The "fasten your seatbelts" light may not be on, but there's no denying that Despegar.com (NYSE:DESP) continues to make its gradual descent. Shares of Latin America's leading online travel site operator moved lower after posting disappointing financial results on Thursday morning. The stock is hitting all-time lows in the process, though to be fair, it has only been public for 11 months.
One of last year's quietest dot-com IPOs hasn't made much of a splash since going public at $26 in mid-September of last year. The stock is now falling to the high teens, and with growth slowing and at least one key executive moving on this summer, it's going to be hard to regain Wall Street's confidence anytime soon.
A bumpy ride
Revenue rose a mere 4% to $128.3 million in the second quarter.

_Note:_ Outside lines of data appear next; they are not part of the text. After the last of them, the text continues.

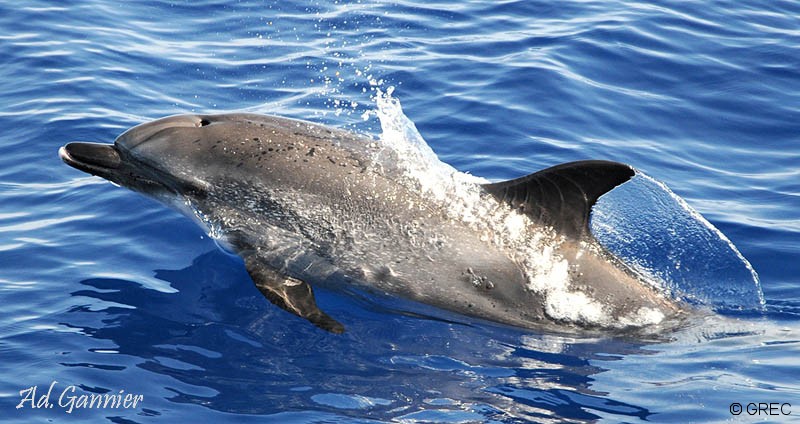 Lire la suite à propos de l’article Dauphins : combien de temps tiennent-ils sous l’eau ?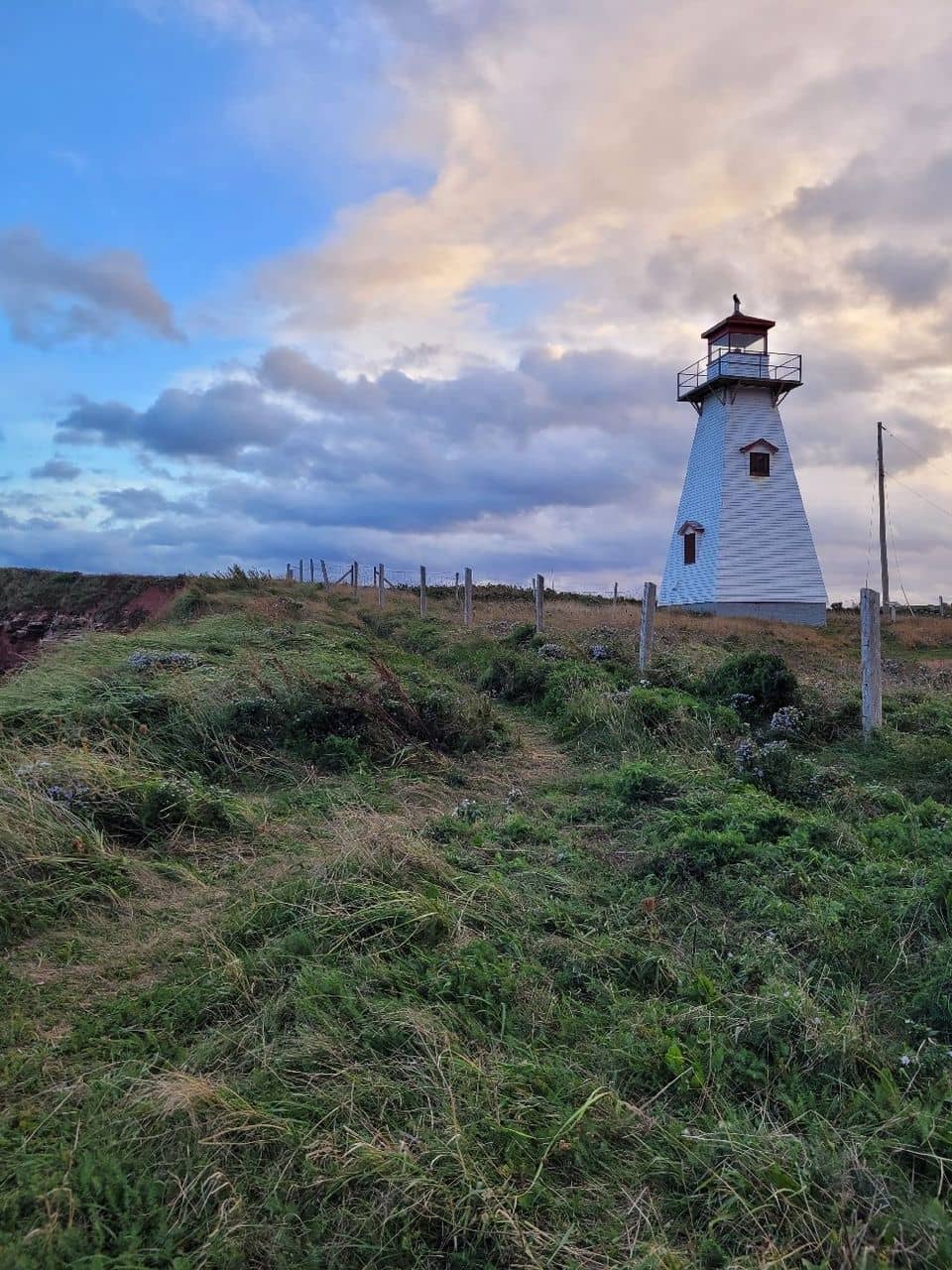 Highlights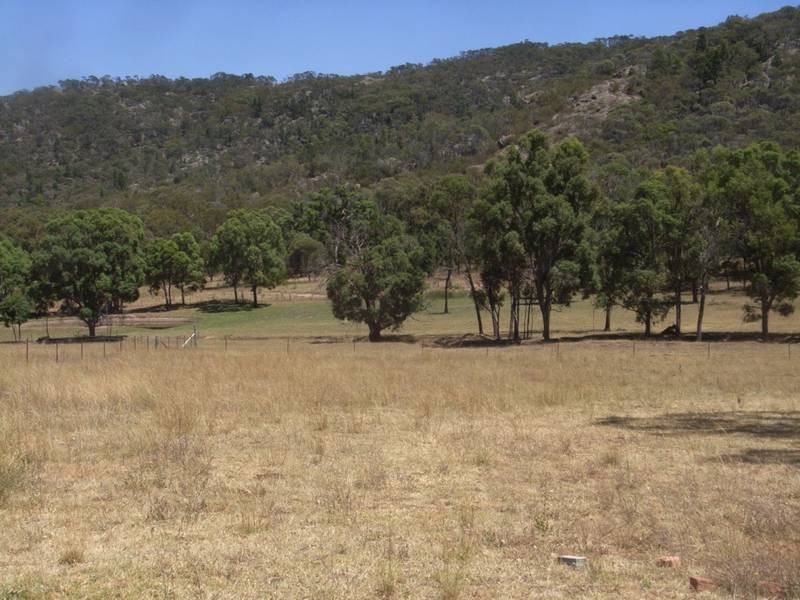 Mudgee NSW 2850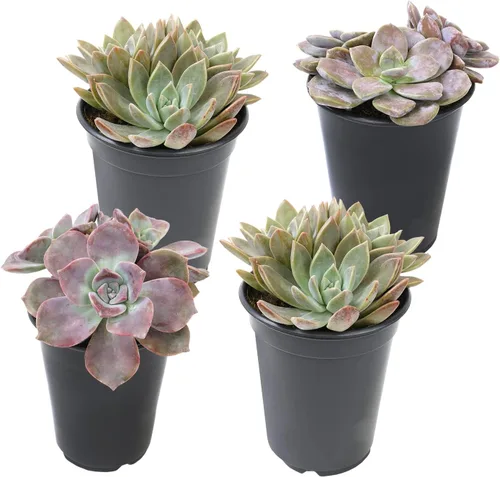 Miniatura 17 de Suculentas Echeveria de 1 cuarto de galón, 4 unidades, suculentas vivas recuerdos de fiesta en macetas suculentas, plantas suculentas vivas plantas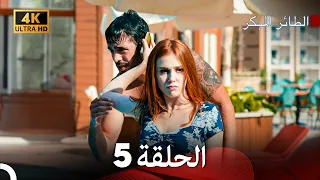 مسلسل حب للايجار الحلقة 5 4K ULTRA HD 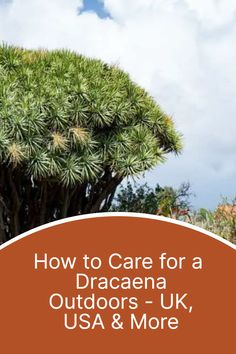 a large green tree with the words how to care for a dracaena outdoors - uk, usa & more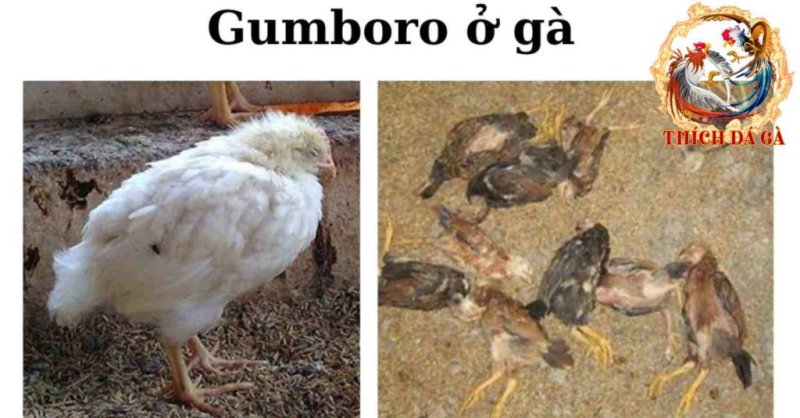 Tìm hiểu về bệnh Gumboro ở gà và cách phòng tránh hiệu quả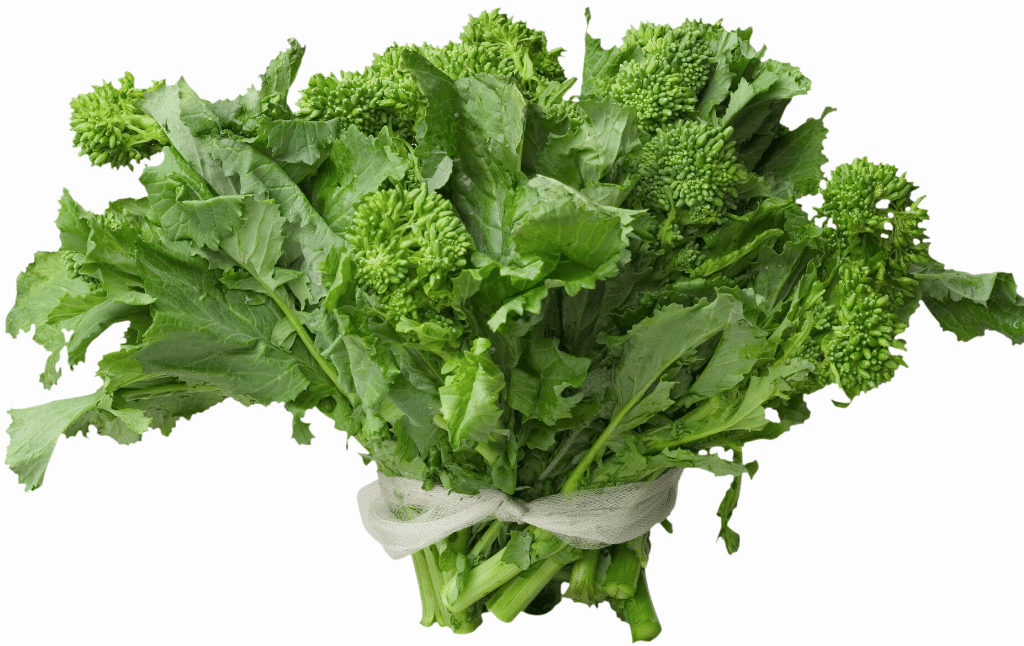 Broccoli Rabe Broccoli Rabe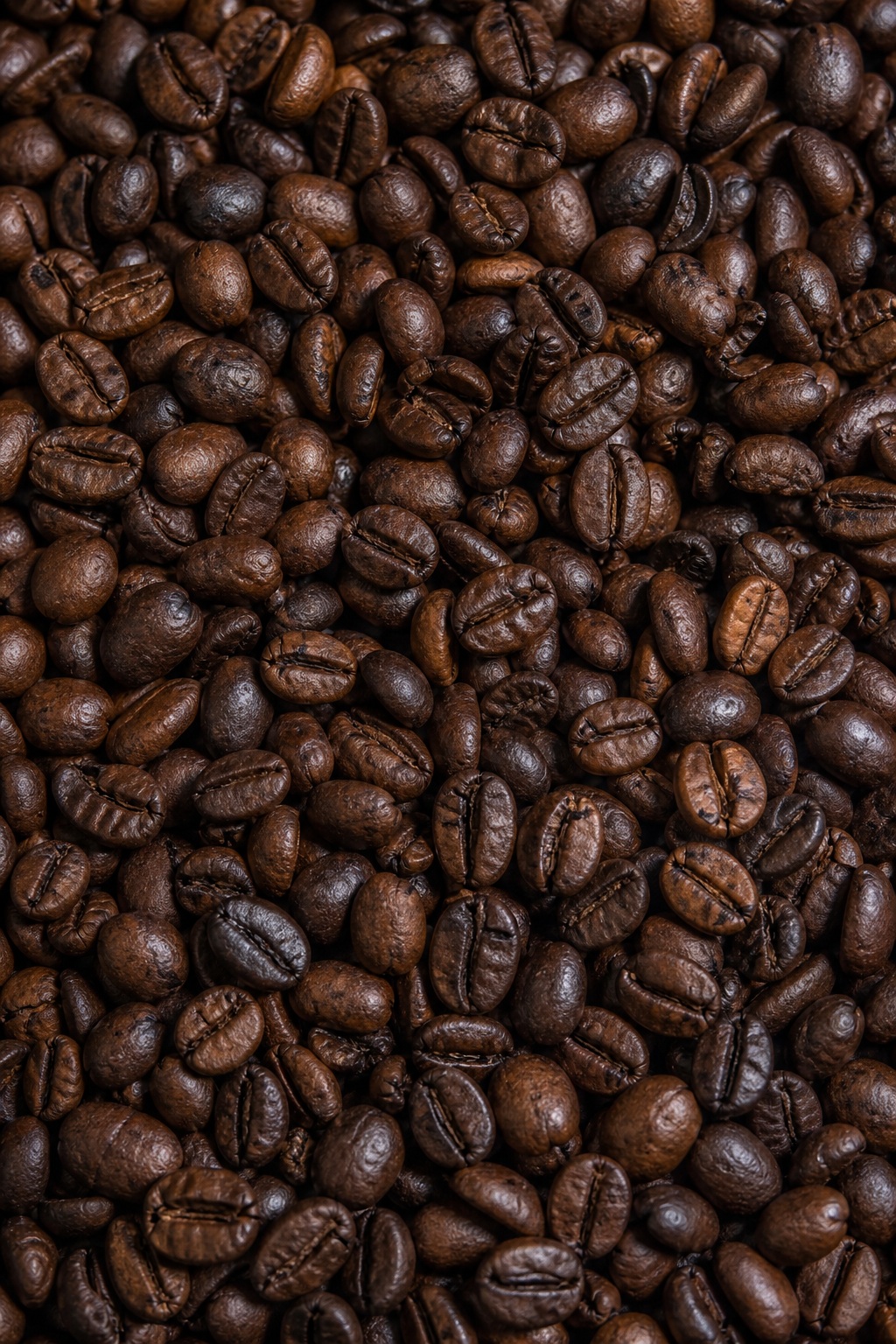 A full frame of dark roasted coffee beans forming a textured background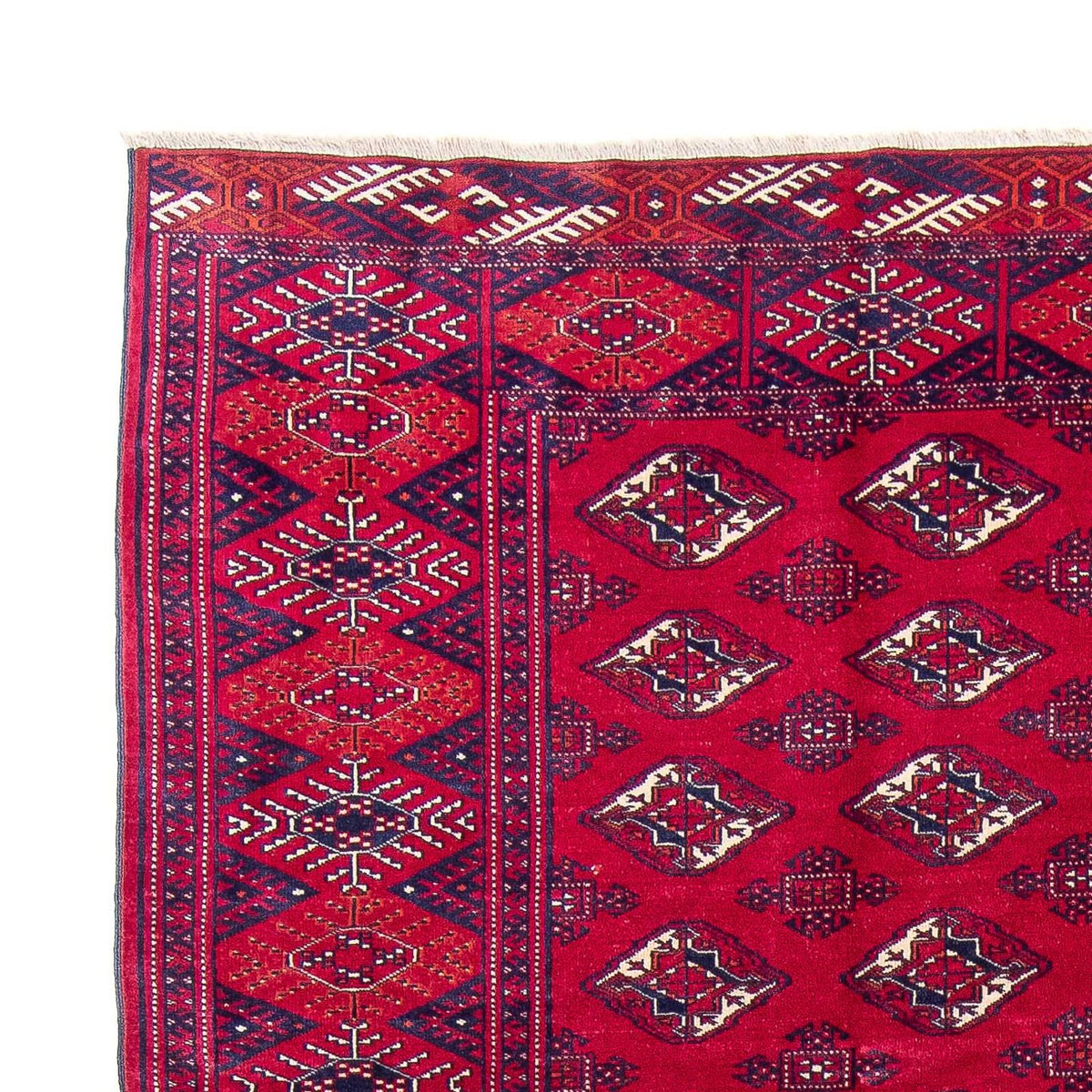Tappeto Turkaman 228x300cm - Tappeto persiano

Despegar's top-line gains decelerated to single-digit growth despite a 12% uptick in gross bookings and an 18% surge in transactions. Analysts were holding out for revenue rising 8%, to $133.6 million.
The bottom line didn't get any better despite Despegar's shift away from low-margin airfare ticketing to higher-margin hotel and travel package offerings. Adjusted EBITDA declined, and Despegar's profit clocked in at less than half of what it earned a year earlier. The net profit of $0.02 a share was well short of the $0.07 a share that Wall Street was expecting.
Local currency depreciation is a factor, as Brazil -- accounting for 42% of Despegar's business -- saw its currency slide 15% over the past year. Argentina has taken an even bigger hit, depreciating 30% over the past quarter. However, it doesn't help that average selling prices have declined as business in Argentina leaned more on domestic travel than higher-margin international itineraries. It's hard to spring for an overseas trip when your currency is tanking.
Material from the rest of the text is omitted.